Dataset excerpts »
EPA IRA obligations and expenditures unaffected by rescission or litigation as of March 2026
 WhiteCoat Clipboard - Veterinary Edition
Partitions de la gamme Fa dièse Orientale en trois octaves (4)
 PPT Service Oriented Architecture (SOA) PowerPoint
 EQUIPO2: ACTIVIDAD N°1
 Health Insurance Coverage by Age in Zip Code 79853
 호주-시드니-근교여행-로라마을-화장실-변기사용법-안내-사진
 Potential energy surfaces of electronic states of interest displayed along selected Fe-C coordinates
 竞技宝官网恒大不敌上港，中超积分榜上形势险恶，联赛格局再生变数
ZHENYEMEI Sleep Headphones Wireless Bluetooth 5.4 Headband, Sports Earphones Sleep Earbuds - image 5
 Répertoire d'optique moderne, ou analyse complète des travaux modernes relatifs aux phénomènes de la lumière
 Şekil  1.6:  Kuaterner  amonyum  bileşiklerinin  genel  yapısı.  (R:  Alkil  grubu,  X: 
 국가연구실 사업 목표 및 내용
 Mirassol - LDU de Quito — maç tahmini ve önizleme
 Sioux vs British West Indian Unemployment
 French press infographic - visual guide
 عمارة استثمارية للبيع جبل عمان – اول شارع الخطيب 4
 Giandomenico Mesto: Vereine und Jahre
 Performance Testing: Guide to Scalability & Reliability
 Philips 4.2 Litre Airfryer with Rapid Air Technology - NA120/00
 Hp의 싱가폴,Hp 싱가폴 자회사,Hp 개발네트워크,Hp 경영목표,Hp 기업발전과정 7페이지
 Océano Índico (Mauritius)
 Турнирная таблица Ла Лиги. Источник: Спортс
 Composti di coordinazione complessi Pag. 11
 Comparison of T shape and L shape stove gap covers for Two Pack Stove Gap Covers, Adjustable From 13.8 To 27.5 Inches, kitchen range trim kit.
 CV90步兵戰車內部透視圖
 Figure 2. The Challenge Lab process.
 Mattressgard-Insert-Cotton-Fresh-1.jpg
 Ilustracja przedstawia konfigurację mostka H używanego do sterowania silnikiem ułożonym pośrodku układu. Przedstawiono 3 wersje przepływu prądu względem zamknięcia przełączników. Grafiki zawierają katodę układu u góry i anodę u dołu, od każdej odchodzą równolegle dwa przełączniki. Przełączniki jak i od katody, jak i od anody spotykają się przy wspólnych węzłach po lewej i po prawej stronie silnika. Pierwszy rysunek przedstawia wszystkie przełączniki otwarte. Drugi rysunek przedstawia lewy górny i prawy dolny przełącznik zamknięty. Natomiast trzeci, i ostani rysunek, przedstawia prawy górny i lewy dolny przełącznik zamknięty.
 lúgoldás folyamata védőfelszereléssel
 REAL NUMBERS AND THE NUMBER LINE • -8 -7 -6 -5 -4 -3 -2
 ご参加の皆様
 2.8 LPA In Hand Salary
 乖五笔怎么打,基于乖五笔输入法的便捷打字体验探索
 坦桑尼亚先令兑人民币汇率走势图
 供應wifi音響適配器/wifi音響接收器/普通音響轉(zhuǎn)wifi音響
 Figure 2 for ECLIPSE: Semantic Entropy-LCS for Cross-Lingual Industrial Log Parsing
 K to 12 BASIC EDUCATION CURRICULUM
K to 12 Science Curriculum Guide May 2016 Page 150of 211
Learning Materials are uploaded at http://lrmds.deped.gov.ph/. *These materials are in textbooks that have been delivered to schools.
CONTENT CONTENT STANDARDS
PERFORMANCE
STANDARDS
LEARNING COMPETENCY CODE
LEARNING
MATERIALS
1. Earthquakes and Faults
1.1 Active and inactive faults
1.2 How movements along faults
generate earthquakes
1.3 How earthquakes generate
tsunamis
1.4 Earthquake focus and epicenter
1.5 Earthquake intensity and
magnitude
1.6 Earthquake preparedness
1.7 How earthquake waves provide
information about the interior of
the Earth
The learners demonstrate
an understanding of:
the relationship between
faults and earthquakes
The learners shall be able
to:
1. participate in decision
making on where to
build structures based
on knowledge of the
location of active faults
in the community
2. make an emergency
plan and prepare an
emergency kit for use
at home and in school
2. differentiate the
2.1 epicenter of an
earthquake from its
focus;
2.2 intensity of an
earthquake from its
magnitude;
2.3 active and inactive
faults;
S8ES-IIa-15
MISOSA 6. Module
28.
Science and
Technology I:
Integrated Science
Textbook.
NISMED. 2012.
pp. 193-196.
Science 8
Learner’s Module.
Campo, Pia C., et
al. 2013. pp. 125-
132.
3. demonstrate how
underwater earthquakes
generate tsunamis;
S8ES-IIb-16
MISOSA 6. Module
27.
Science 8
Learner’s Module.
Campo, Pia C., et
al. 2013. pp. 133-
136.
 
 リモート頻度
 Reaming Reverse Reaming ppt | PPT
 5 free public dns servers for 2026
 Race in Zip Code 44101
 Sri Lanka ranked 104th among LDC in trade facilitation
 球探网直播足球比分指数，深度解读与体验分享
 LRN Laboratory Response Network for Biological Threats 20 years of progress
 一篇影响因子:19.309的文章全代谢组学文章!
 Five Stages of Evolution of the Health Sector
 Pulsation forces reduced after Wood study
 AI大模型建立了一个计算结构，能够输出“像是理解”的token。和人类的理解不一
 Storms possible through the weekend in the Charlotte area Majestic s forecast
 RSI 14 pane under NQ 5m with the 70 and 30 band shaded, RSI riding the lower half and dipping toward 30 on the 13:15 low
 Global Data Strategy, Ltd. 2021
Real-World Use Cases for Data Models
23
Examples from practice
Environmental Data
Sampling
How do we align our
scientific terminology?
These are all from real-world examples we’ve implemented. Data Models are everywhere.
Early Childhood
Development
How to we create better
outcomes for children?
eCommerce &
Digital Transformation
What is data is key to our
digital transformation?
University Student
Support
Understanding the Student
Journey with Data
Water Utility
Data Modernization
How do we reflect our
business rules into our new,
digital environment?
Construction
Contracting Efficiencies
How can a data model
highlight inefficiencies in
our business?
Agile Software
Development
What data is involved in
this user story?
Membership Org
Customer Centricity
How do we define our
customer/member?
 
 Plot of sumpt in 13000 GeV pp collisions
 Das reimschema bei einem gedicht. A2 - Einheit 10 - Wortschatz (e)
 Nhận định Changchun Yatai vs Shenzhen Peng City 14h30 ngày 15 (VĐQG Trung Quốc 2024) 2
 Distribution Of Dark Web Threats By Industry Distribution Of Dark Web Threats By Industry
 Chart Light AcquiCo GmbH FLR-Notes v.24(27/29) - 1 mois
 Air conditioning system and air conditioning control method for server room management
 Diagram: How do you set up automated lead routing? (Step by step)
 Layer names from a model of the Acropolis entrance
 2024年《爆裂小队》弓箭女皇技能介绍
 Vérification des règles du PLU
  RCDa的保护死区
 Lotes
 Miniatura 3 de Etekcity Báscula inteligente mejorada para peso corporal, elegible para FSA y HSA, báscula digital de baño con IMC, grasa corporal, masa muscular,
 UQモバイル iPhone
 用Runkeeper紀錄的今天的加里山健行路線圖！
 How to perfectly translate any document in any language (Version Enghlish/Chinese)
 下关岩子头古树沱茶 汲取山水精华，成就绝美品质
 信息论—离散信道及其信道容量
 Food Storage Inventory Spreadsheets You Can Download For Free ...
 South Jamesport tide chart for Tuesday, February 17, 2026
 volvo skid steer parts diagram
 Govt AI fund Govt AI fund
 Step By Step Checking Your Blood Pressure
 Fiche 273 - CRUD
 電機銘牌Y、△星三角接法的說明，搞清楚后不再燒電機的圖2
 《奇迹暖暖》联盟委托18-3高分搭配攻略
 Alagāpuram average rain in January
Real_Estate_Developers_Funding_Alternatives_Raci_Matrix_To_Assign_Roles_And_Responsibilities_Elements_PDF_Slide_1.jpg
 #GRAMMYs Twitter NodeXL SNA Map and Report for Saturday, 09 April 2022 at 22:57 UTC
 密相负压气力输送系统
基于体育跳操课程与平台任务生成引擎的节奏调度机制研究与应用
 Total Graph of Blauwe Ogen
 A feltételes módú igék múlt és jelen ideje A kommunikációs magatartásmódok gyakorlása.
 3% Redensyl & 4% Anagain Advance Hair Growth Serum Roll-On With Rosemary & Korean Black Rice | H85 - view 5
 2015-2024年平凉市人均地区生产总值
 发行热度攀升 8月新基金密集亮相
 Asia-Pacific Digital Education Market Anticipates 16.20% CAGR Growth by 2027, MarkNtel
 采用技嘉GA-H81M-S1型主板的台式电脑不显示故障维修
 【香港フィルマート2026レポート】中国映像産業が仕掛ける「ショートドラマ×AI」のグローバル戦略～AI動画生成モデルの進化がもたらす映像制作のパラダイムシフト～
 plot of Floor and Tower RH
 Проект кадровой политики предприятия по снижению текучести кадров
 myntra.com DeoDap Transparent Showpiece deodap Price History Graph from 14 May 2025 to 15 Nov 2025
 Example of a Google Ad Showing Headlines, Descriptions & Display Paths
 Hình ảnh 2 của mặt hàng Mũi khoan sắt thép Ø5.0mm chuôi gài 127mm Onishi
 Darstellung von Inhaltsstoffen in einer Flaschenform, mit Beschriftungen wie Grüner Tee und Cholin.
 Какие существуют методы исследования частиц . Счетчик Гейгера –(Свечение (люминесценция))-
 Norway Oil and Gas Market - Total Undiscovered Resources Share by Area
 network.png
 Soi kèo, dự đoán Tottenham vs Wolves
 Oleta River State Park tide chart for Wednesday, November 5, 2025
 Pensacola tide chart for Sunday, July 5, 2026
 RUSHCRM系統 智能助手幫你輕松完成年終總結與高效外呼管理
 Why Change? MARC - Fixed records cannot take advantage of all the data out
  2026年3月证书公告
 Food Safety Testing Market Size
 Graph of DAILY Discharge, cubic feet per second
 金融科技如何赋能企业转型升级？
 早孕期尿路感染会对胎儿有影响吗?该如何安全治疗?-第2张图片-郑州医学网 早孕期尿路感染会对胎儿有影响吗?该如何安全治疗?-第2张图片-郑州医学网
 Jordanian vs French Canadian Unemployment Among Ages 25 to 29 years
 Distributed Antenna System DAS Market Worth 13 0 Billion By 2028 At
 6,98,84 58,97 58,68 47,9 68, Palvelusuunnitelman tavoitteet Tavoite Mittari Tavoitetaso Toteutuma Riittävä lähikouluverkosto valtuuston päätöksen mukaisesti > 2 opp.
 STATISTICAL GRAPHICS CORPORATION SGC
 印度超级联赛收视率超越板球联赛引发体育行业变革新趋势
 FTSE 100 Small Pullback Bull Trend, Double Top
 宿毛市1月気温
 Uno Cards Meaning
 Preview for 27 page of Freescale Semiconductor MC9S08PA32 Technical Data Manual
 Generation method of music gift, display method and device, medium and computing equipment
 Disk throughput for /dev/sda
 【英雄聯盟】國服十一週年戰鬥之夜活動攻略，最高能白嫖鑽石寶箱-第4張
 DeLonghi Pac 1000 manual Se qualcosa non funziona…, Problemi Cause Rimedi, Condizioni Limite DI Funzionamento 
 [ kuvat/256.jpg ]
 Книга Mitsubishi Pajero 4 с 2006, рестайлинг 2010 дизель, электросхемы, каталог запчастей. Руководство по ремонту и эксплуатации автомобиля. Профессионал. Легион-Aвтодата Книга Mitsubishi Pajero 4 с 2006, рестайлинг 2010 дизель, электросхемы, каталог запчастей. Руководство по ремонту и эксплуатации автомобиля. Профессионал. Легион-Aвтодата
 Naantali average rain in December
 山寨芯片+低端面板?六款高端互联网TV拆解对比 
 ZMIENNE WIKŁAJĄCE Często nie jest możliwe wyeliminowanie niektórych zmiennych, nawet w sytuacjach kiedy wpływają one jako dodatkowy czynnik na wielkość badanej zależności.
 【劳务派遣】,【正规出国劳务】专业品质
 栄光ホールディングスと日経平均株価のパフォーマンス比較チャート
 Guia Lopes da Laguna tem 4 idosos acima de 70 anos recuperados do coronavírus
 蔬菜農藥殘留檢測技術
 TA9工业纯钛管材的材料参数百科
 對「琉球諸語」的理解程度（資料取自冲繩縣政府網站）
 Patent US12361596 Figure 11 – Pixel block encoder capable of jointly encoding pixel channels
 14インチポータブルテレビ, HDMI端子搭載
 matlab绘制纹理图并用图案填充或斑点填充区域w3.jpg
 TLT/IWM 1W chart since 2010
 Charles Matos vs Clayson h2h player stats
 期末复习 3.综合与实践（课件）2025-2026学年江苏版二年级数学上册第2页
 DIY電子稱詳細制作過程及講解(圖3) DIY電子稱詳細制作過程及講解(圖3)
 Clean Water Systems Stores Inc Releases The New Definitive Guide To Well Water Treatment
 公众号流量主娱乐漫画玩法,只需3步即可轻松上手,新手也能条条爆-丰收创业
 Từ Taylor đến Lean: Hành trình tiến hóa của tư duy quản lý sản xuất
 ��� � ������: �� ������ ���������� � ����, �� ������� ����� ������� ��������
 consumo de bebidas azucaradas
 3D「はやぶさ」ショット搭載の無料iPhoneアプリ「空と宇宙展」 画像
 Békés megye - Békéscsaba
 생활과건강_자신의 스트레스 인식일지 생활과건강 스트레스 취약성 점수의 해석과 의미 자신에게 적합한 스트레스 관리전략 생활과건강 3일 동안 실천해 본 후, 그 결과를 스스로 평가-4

Directions for this task » Print exactly the lines from the beginning of the entries through the line with "PPT Service Oriented". Output nothing more.

Finished task »
EPA IRA obligations and expenditures unaffected by rescission or litigation as of March 2026
 WhiteCoat Clipboard - Veterinary Edition
Partitions de la gamme Fa dièse Orientale en trois octaves (4)
 PPT Service Oriented Architecture (SOA) PowerPoint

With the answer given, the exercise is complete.